Selain itu, ada aneka ragam jagung. Sama seperti umbi-umbian, jagung pun berwarna-warna. Ukuran besarnya pun beraneka ragam. Ada yang sebesar kelereng. Kalau direbus butuh waktu lama dan rasanya hambar (anyep). Ada juga yang manis, tentu saja. Saya tidak tahu darimana saja asal beraneka ragam varietas jagung tersebut.
Kentang pun sama saja. Semula saya pikir bahwa kentang itu ya cuman satu jenis saja: warna kekuningan dengan tekstur khas seperti yang kita makan sebagai French Fries (yang bukan berasal dari Perancis!).

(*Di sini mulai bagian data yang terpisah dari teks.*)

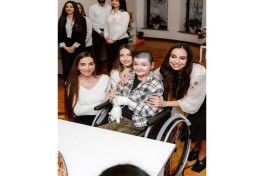 Leyla Aliyeva, Arzu Aliyeva, and Alena Aliyeva visit “Support for Living” Center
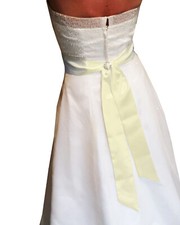 CREMA raso matrimonio abito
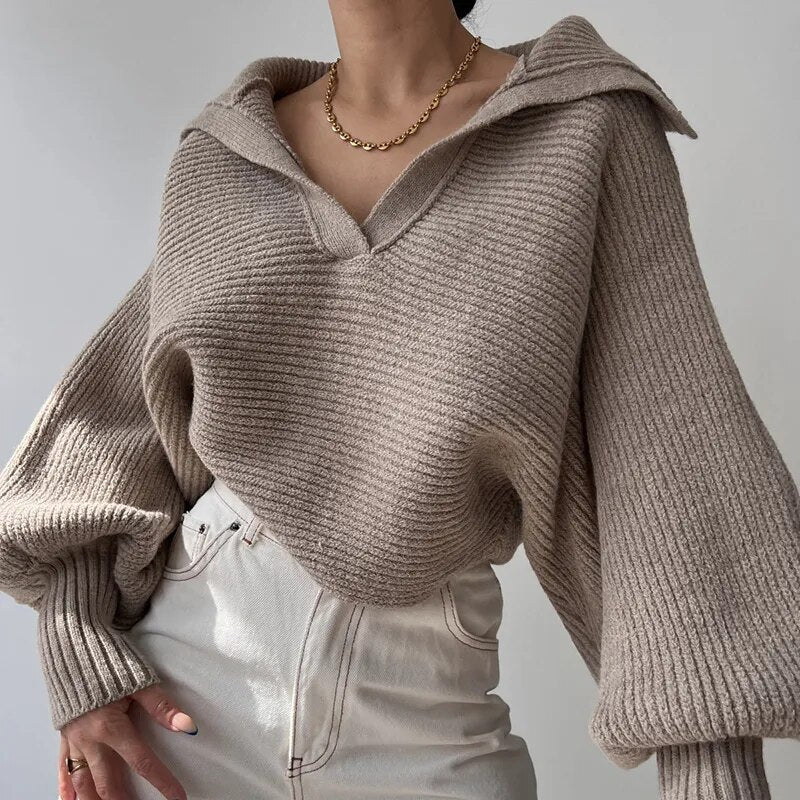 Amélie Veloura™ Chunky Knitted Sweater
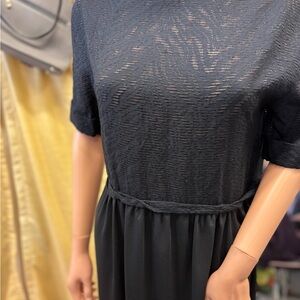 Zara Elegant Black Long Sleeve Dress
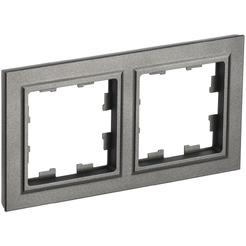 Рамка IEK Brite Brite BR-M22-K37 BRITE (РУ-2-БрШ)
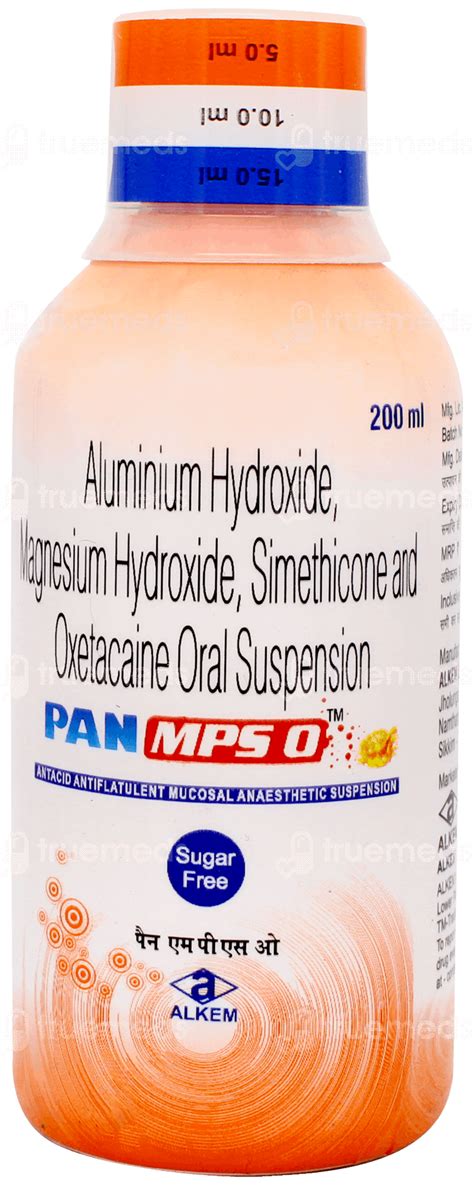 Pan Mps O Sf Oral Suspension 200 ML | Order Pan Mps O Sf Oral ...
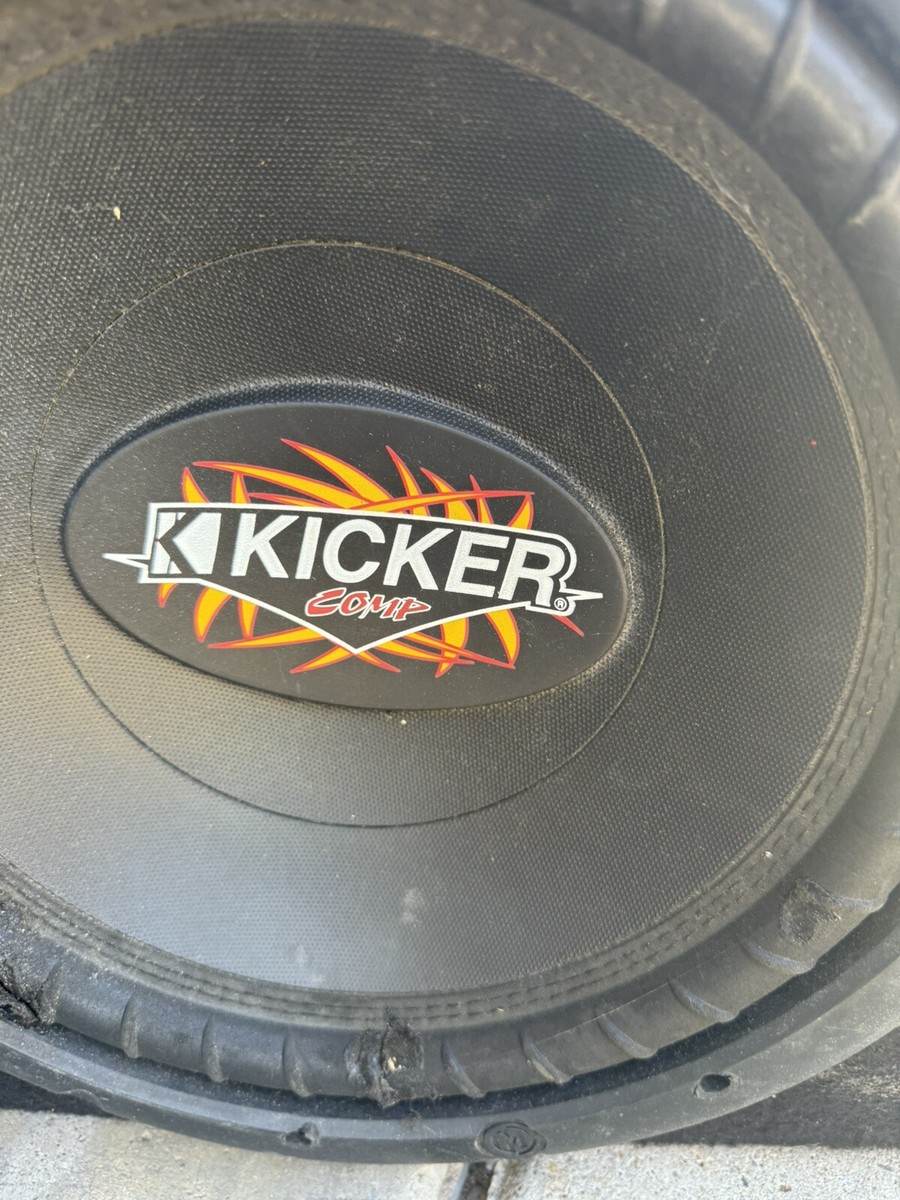 Old School KICKER Comp 10 - RARE - 8 Ohm Version - Fully Old School KICKER Comp 10 - RARE - 8 Ohm Version - Fully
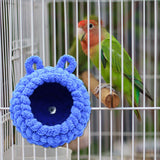 Cecuca Parrot House Coral Velvet Nesting Hut for Bird Parakeet and Winter Parrot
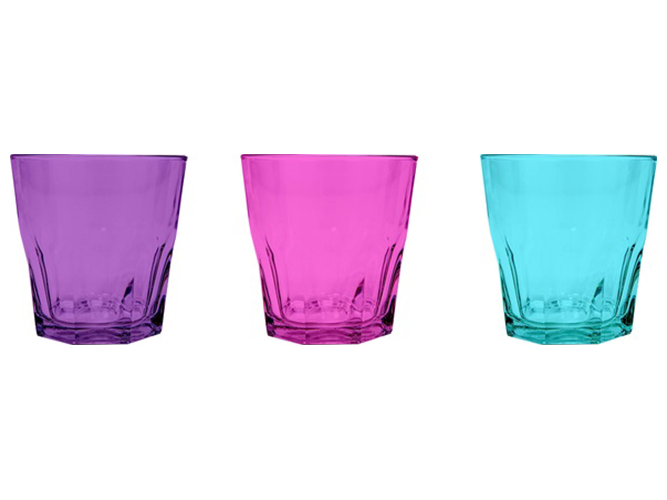 Стакан Herevin Coloured Glass MIX, 245мл, 8690069667348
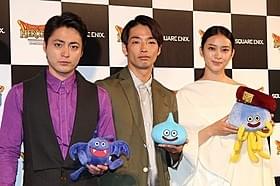 ボイスキャストを務めた 山田孝之、森山未來、武井咲
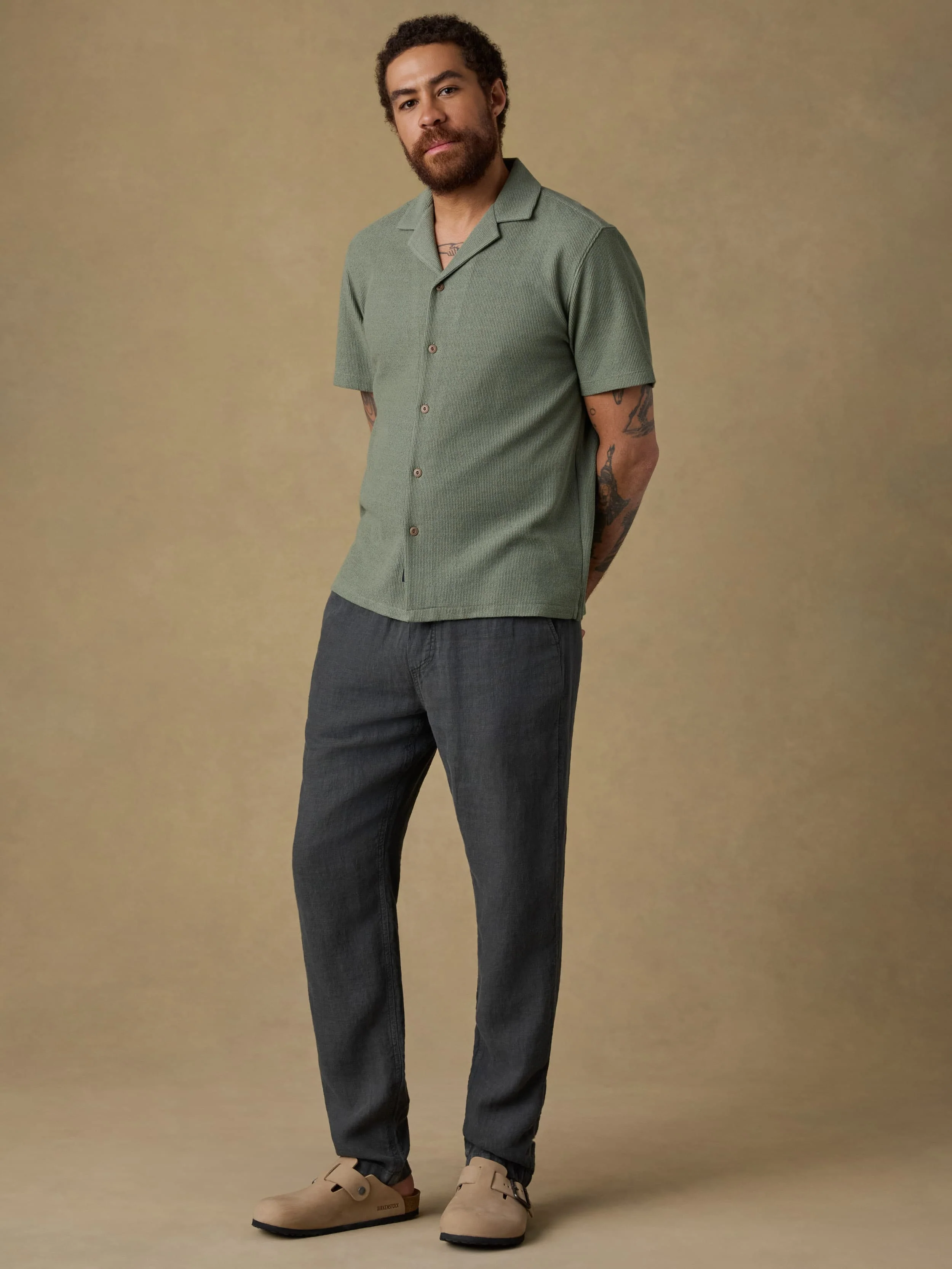Short-Sleeve Oasis Camp Shirt - Faded Spruce - Image 6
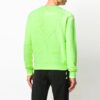 Off-White Herrebukser med alfabetlogo, mønster, lange ermer, løs passform, grønn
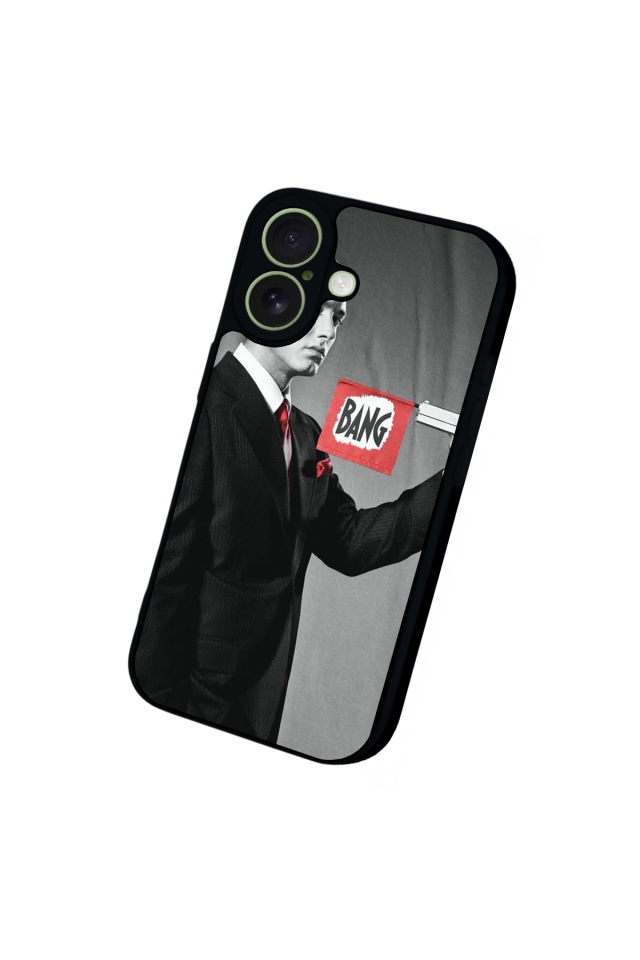 iPhone 17 Uyumlu Eminem Tasarımlı Glossy Premium Kılıf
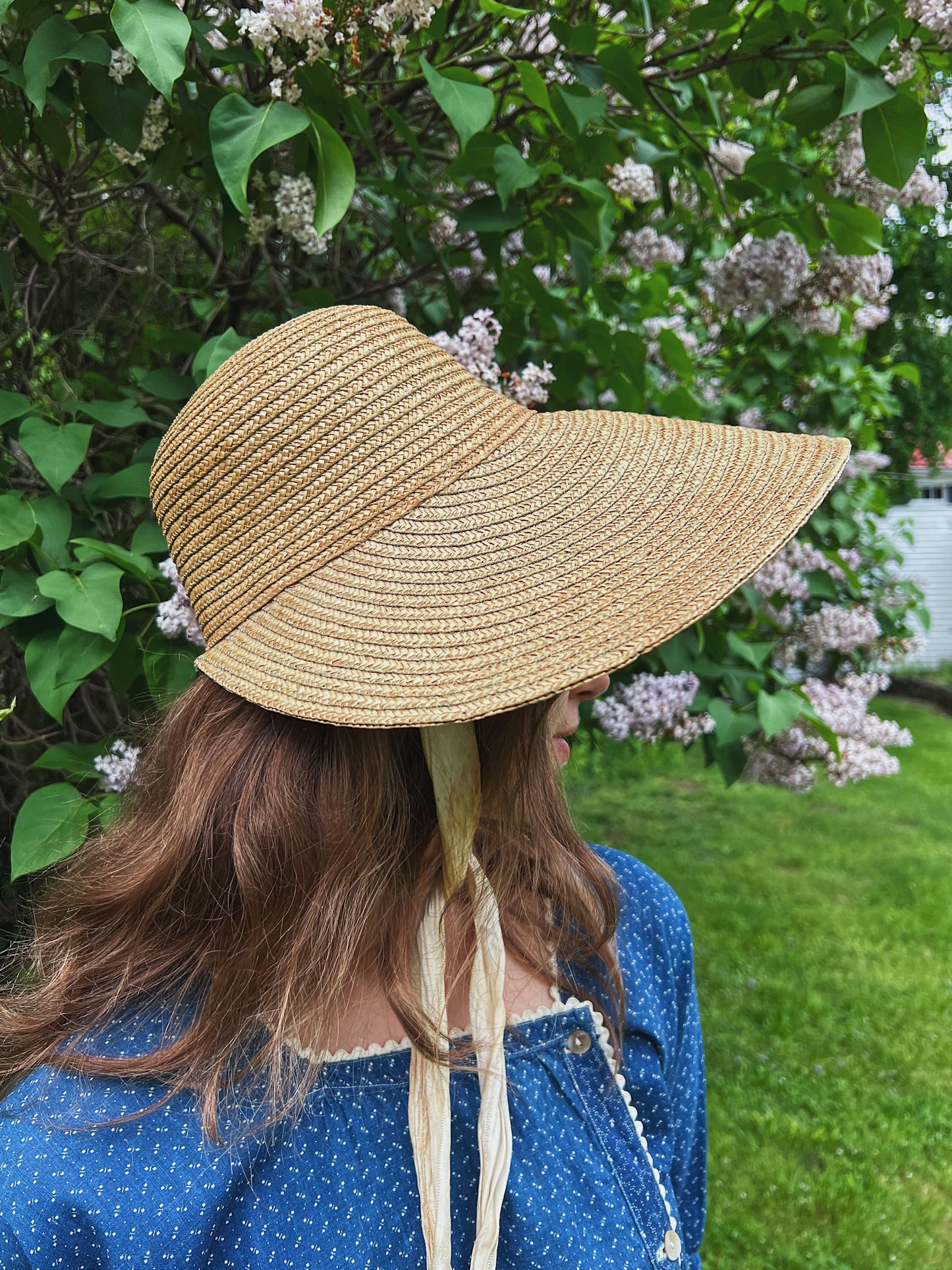 1940s Straw Bonnet, Made In Italy For Bloomingdale’s
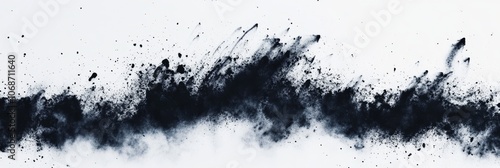 An abstract spray texture that features a stunning gradient of various black tones, which together resemble a fluid wavelike form with a grainy and deeply artistic appearance that captivates the eye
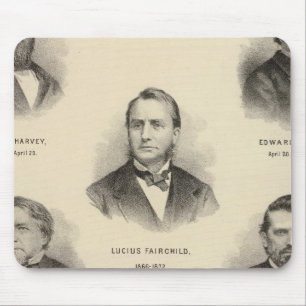 Tapis De Souris Gouverneur du Wisconsin Louis P Harvey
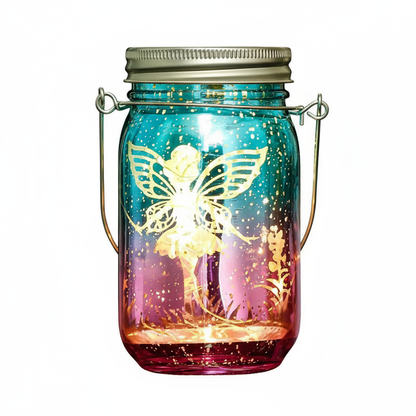 Solar Laterne Outdoor im Mason Jar | Solarlaterne für Garten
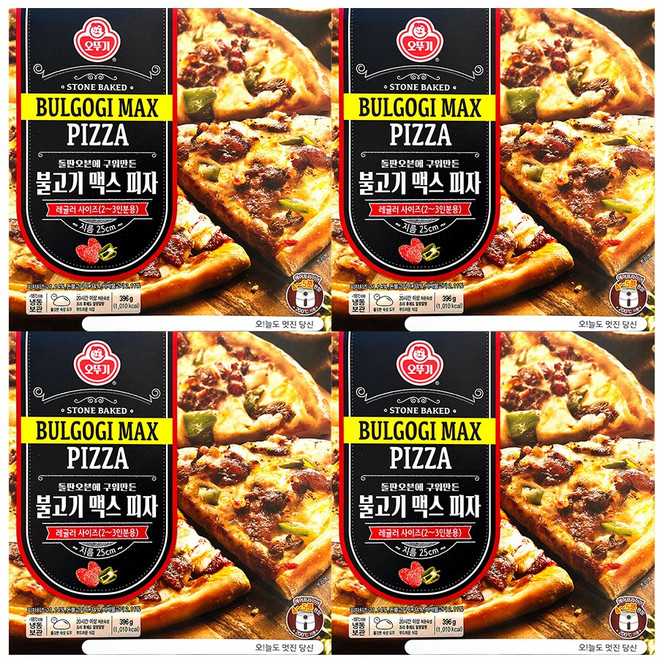 오뚜기 불고기맥스피자 396g, 4개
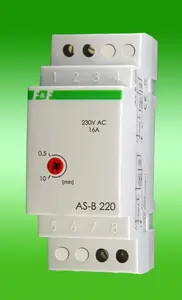 F&F AS-B24 Staircase Timer, 24V, 16A, DIN Rail Mount, 2 Modules, IP40
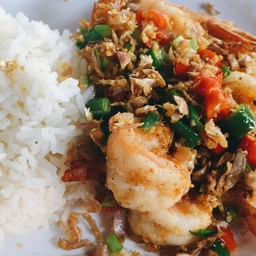 กุ้งผัดพริกเกลือ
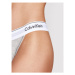 Calvin Klein Underwear Klasické nohavičky Tanga 000QF4977A Sivá
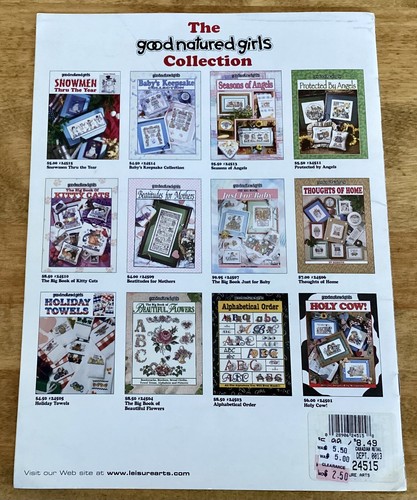 1997 LEISURE ARTS Booklet, Snowmen Through The Years, Counted Cross Stitch - Picture 4 of 4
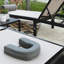 Ensemble de chaise longue de bronzage de patio avec trou vers le bas-1995203568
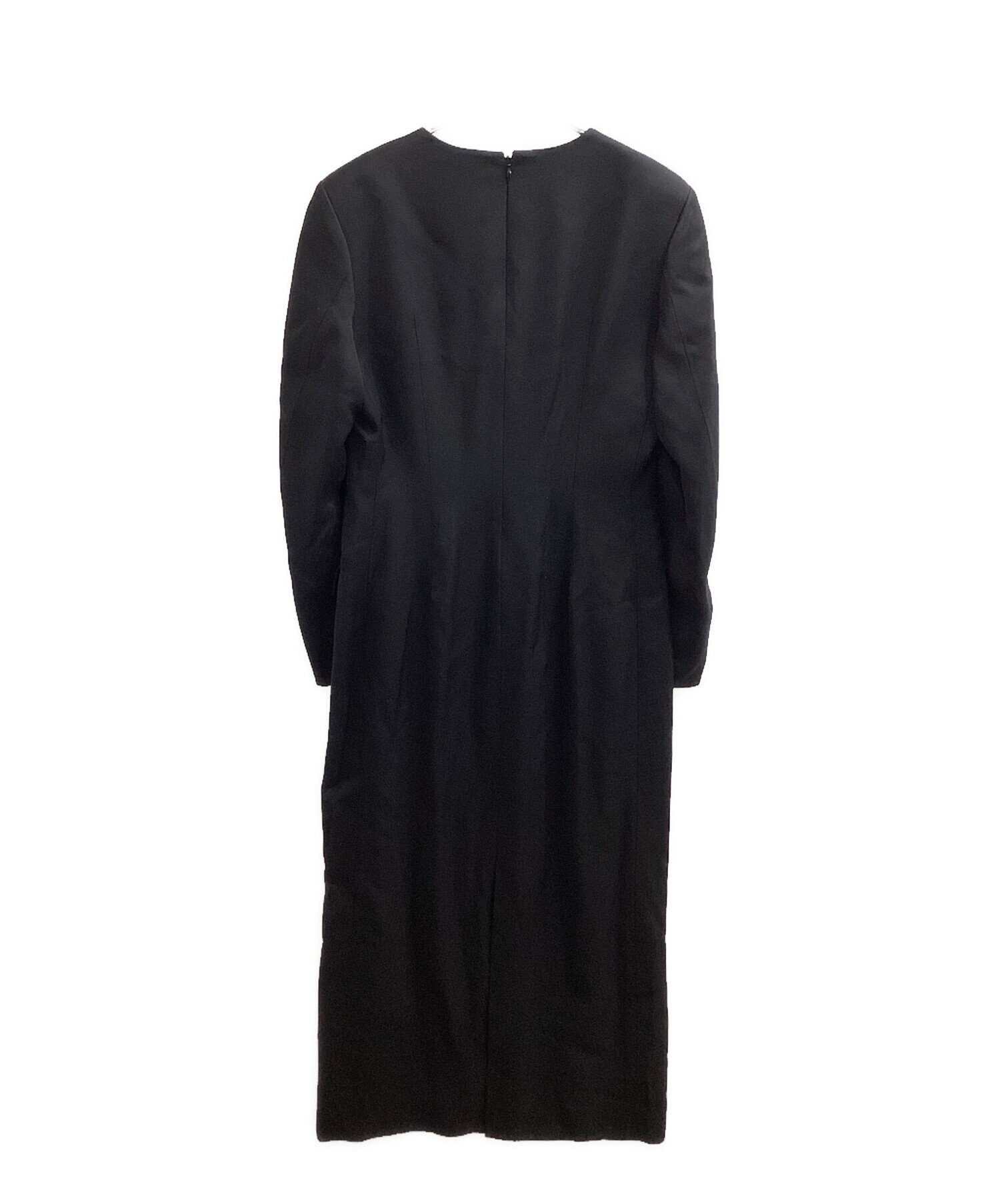 中古・古着通販】ALUNC (アルン) マスキュリンロングドレス / Vネック 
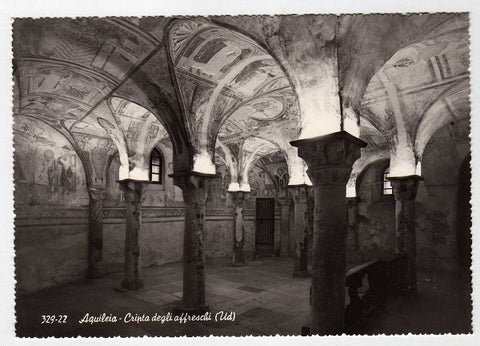 AK Aquileia – Cripta degli affreschi. (um1964)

Ada puluhan jenis kentang yang pernah saya lihat. Seperti ubi, ada juga yang ungu, kuning dan bahkan kemerahan. Ada juga yang kecil dengan gurih luar biasa.
Waktu saya kecil, banyak orang dari Bali Timur yang memiliki tradisi menukarkan kentang yang kecil-kecil dengan beras. Mereka berjalan kaki ke Denpasar. Tradisi itu dinamakan "megendong" yang sering disamakan dengan mengemis. Saya kira tidak sama. Mereka menukarkan hasil bumi mereka dengan beras.
Saya masih ingat rasa kentang yang kecil-kecil dan berwarna kehitaman itu. Sangat lezat! Gurih sekali. Kentang ini berasal dari bukit-bukit tandus di daerah Karangasem.
Mengapa saya menuliskan soal ini?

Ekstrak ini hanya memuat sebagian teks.